How long can two little girls hide a dead old aunt, as they manage the Linger Longer Cottage Colony in Cape Cod in Sara Pennypacker’s tween novel Summer of the Gypsy Moths? With humor, compassion, and a dog named Treb, Pennypacker’s heroine combines the heart of a child with the maturity of an adult.
When Stella’s spirited mother runs off to find happiness, she leaves Stella with her great-aunt Louise, caretaker for a string of summer cottages on the Cape. Louise decides to foster a Portuguese girl, Angel, as a companion and friend for the little girl. No one expects Louise to die, and when she does, the young girls decide that life alone would be better than the unknown possibilities of an orphan home – and they know how to keep a secret.

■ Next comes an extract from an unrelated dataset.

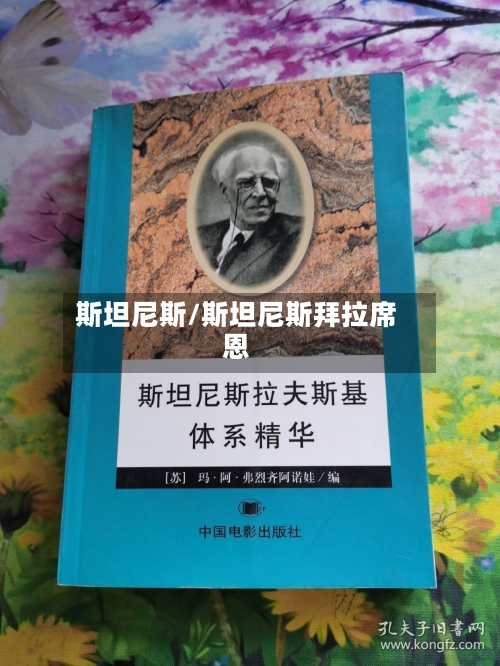 斯坦尼斯/斯坦尼斯拜拉席恩-第2张图片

Once you get past the macabre scenes of a dead body and the unlikely burial, the tale of friendship and responsibility is endearing, and you will be cheering for the girls to succeed. Stella’s penchant for Heloise’s Helpful Hints substitutes for motherly advice as the two girls clean the cottages between guests; at times, those helpful hints offer funny possibilities – who knew Febreze laundry odor eliminator would help with the smell of a dead body. The girls set up a baby-sitting service, dig for clams on the beach, and try to stop an infestation of caterpillars in blueberry bushes planted years ago by Stella’s mom. The ending has everyone living happily ever after, with the two wily girls demonstrating their resourcefulness.
Pennypacker has been compared to Beverly Cleary with growing-up stories that have a message – for both adults and children. With moments that will have you aching for their loneliness and laughing at their gumption, Summer of the Gypsy Moths is worth the read.